Me siento, abrocho el cinturón, ajusto los retrovisores: arrancamos. Salgo de casa, «motorino» a la derecha, un joven luce «cuerpazo» de gimnasio y enorme tatuaje a pecho descubierto. La chica que va de «paquete» luce bronceado perfecto, en mini biquini azul eléctrico. Ambos llevan, eso sí, una escupidera con broche a modo de casco. Todo muy apropiado para un viaje en moto.
Entro en carretera y una moto de gran cilindrada me adelanta a gran velocidad, sin que haya podido intuirla. El que sí la ha visto, y muy de cerca, es el conductor de la furgoneta del otro carril, que ahora le increpa a grito desesperado.
Dos «motorinos» me adelantan por la derecha, circulando por el carril bici. El coche que iba a salir por una intersección tiene que dar marcha atrás para evitar a los turistas, que sin duda tienen gran prisa para llegar a la cola para entrar en Ses Illetes.
De frente un todo terreno de alquiler descapotable, a excepción del conductor, el resto de ocupantes van de pie, sacando medio cuerpo del chasis. Hay que contemplar el paisaje con atención. Llego a la zona del mirador. Una treintena de motos se apelotonan en los inexistentes margenes de la estrecha carretera. Tres jóvenes se hacen un «selfie» subidos a un pino con la isla a sus espaldas. Están a unos tres metros del suelo.

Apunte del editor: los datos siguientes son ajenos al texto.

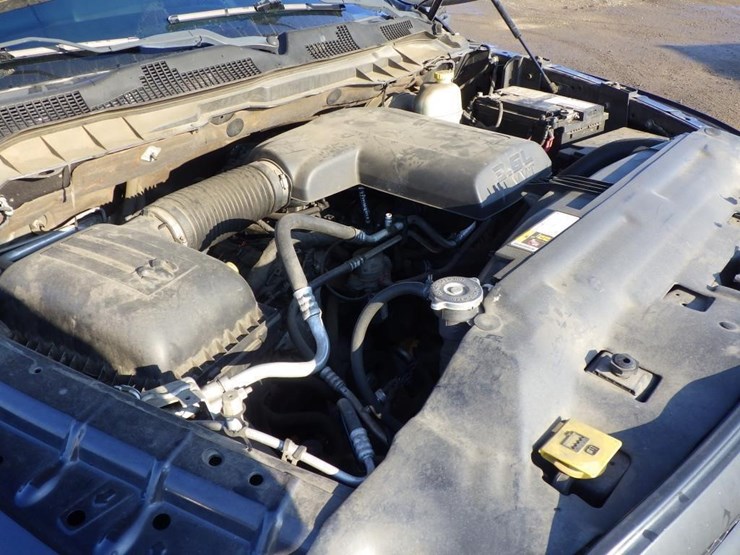 2016-dodge-1500-image-11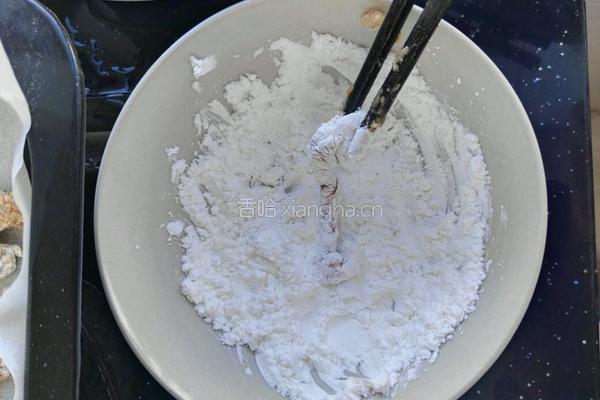 炸鸡柳（猪里脊肉同样适合此做法）的做法图解2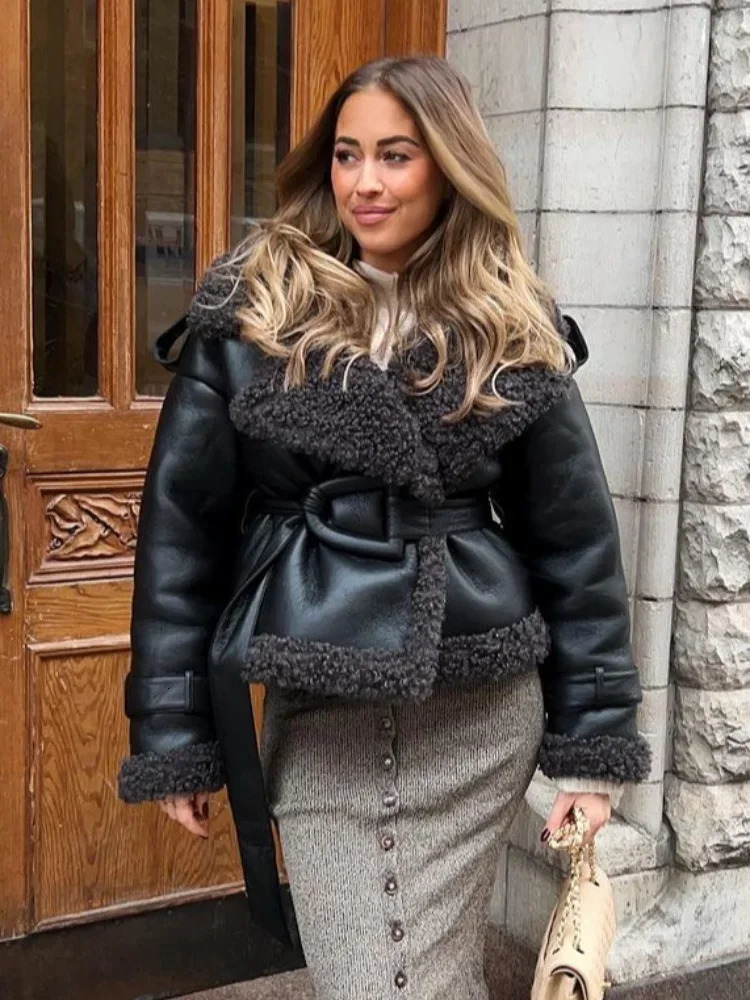 Fashion Thicken Warm Leather Splicing Fur Jacket Women Elegant Lapel Collar Short Coat With Belt Winter Lady High Streetwear 241114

Mi velocidad es reducida. Conozco el lugar y es zona de alto riesgo. De repente una señora aparece de la nada y cruza la carretera con enormes zancadas. A sus pies tiene toda una isla para fotografiar y es urgente que lo capte su objetivo. El frenazo deja olor a goma quemada.
Sube un «motorino». Ambos ocupantes observan el paisaje deleitándose con unos perfumados cigarrillos, que sobre la moto saben mucho mejor. Si cree que exagero, venga a Formentera y conduzca.